Quote the whole listing exactly. Leave the pictures out of your copy.

### Dataset entries ###

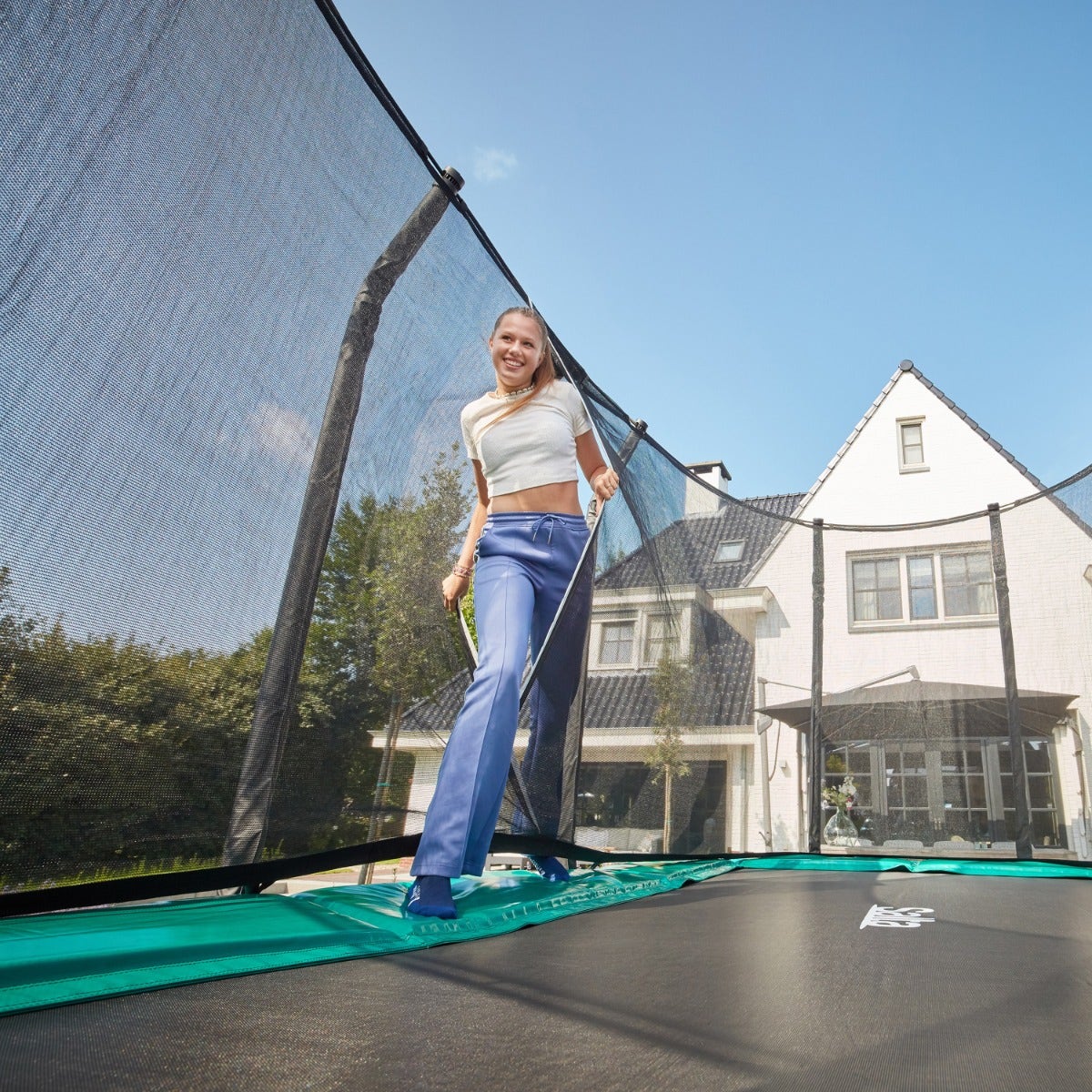 14ft x 8ft Salta Green Rectangular First Class Trampoline with Enclosure - SGP Garden Ltd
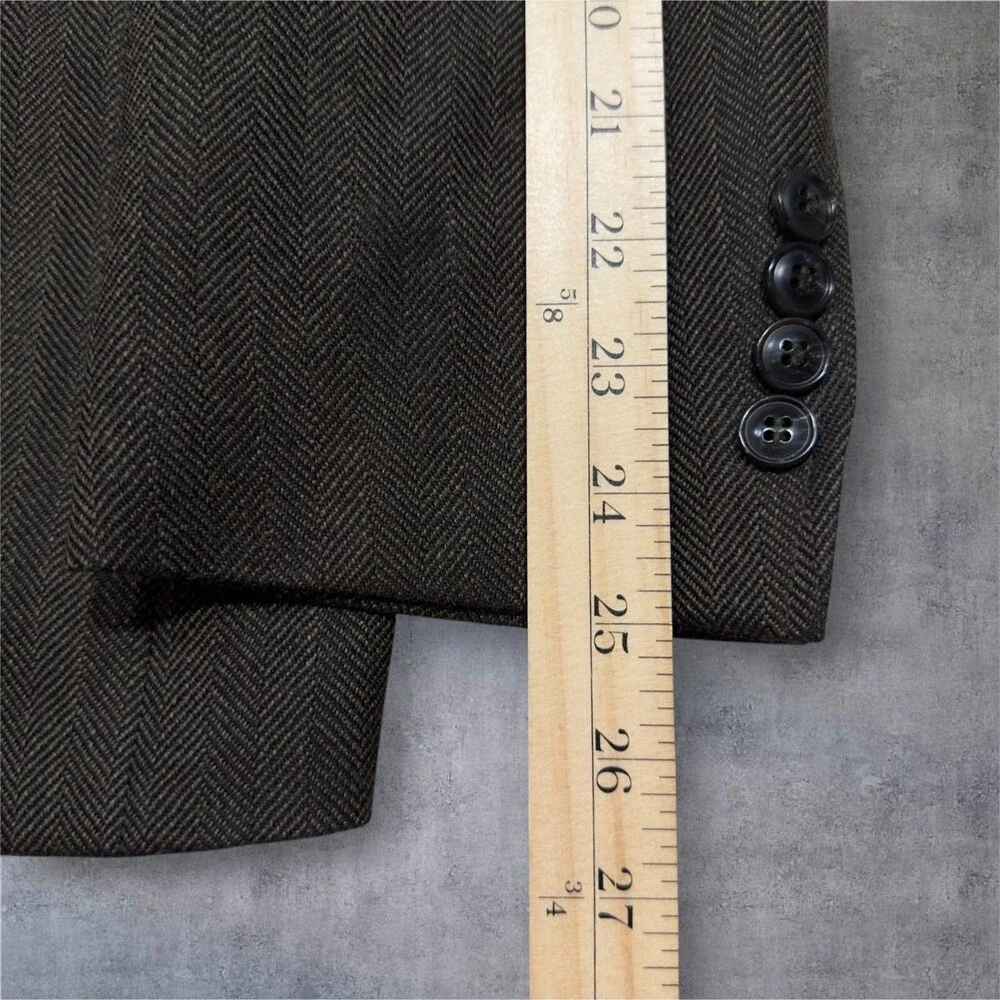 DKNY Mens Blazer Sport Coat Two Button Jacket 40R WOOL Brown Herringbone Suits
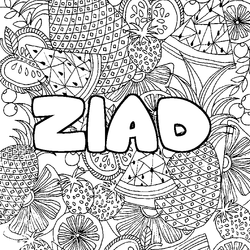 Coloraci&oacute;n del nombre ZIAD - decorado mandala de frutas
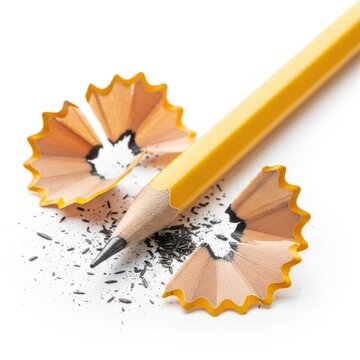 Yellow sharpened pencil with wood shavings and graphite dust scattered around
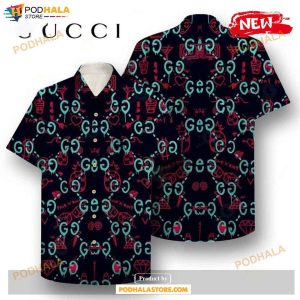 GC Black Clothing Clothes Outfit Gucci For Men Women Hawaiian Shirt, Tropical Shirt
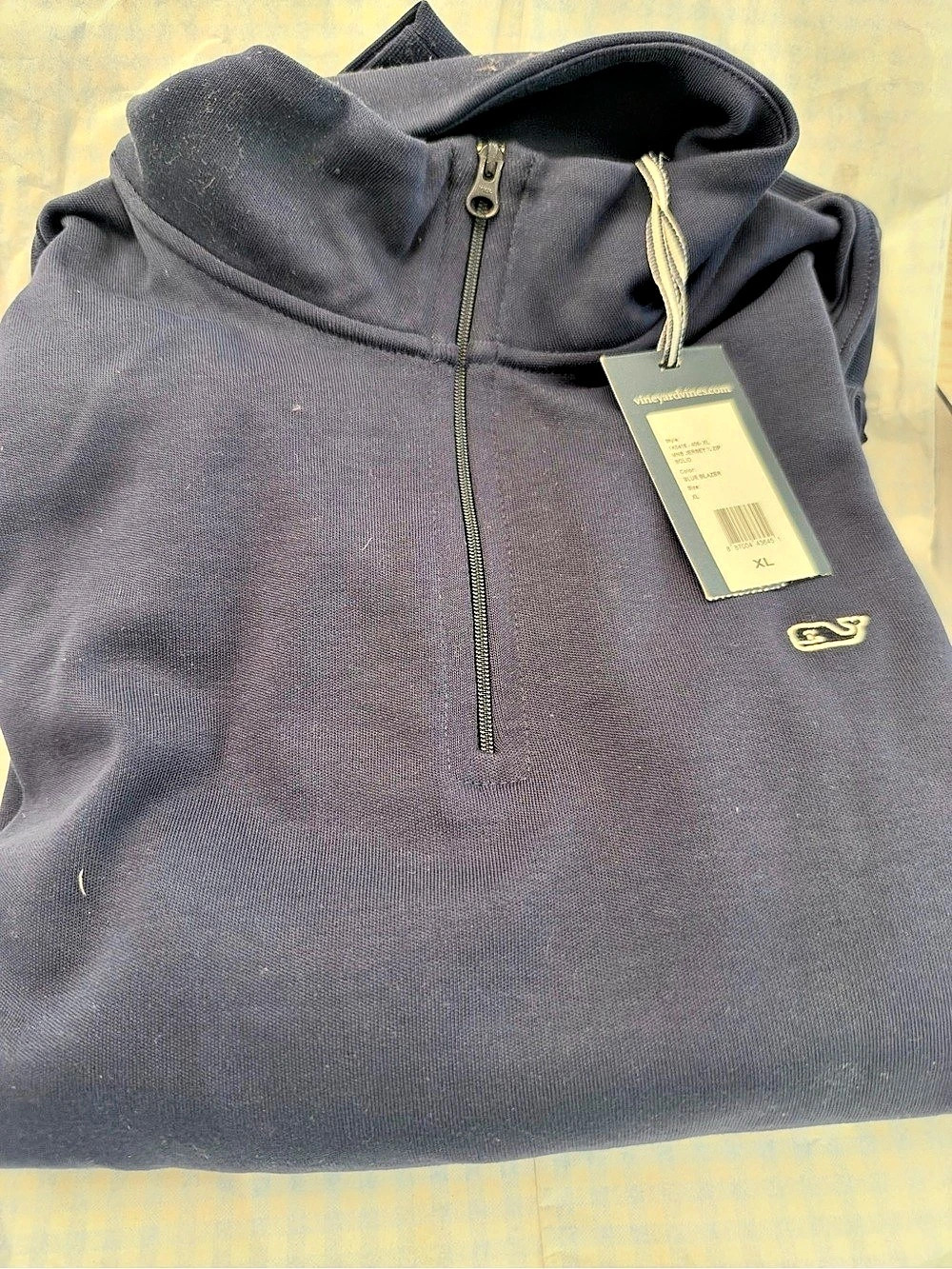 Vineyard Vines Men's Jersey 1/4 Zip Pullover Navy Blue XL - NWT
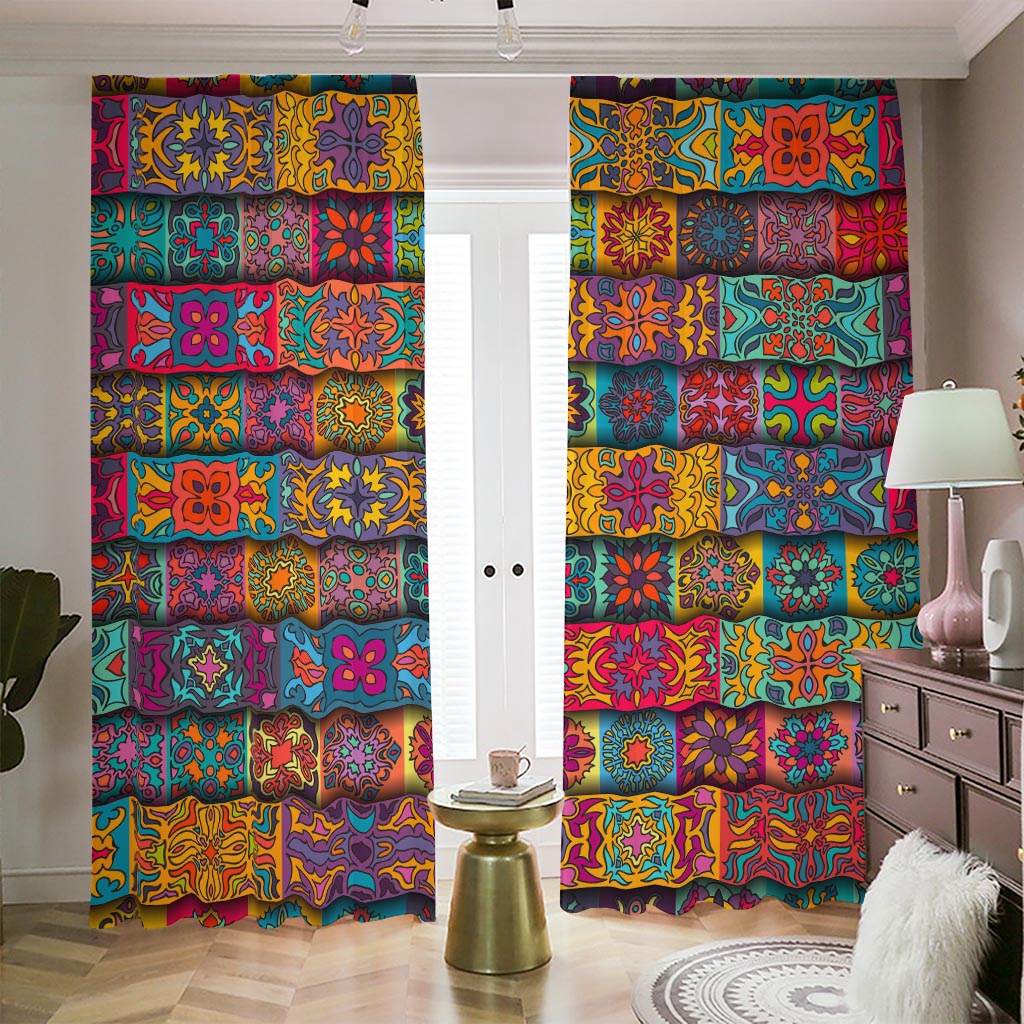 Rectangle Mandala Bohemian Pattern Print Blackout Pencil Pleat Curtains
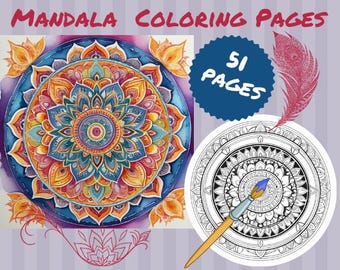 50 Calming Mandala Adult Coloring pages: Unleash Creativity, Embrace Peace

###

_Result of this exercise_.
 14ft x 8ft Salta Green Rectangular First Class Trampoline with Enclosure - SGP Garden Ltd
 DKNY Mens Blazer Sport Coat Two Button Jacket 40R WOOL Brown Herringbone Suits
 Coloraci&oacute;n del nombre ZIAD - decorado mandala de frutas
 Yellow sharpened pencil with wood shavings and graphite dust scattered around
 GC Black Clothing Clothes Outfit Gucci For Men Women Hawaiian Shirt, Tropical Shirt
 Vineyard Vines Men's Jersey 1/4 Zip Pullover Navy Blue XL - NWT
 Rectangle Mandala Bohemian Pattern Print Blackout Pencil Pleat Curtains
 50 Calming Mandala Adult Coloring pages: Unleash Creativity, Embrace Peace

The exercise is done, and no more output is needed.